* **Source material**
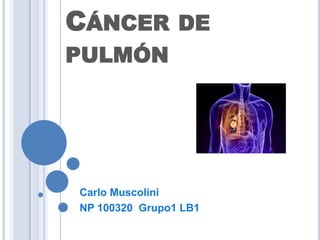 CÁNCER          DE
PULMÓN




Carlo Muscolini
NP 100320 Grupo1 LB1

* **The task**
The pictures should be dropped, and every line above should be set down again exactly.

* **Written response**
 CÁNCER          DE
PULMÓN




Carlo Muscolini
NP 100320 Grupo1 LB1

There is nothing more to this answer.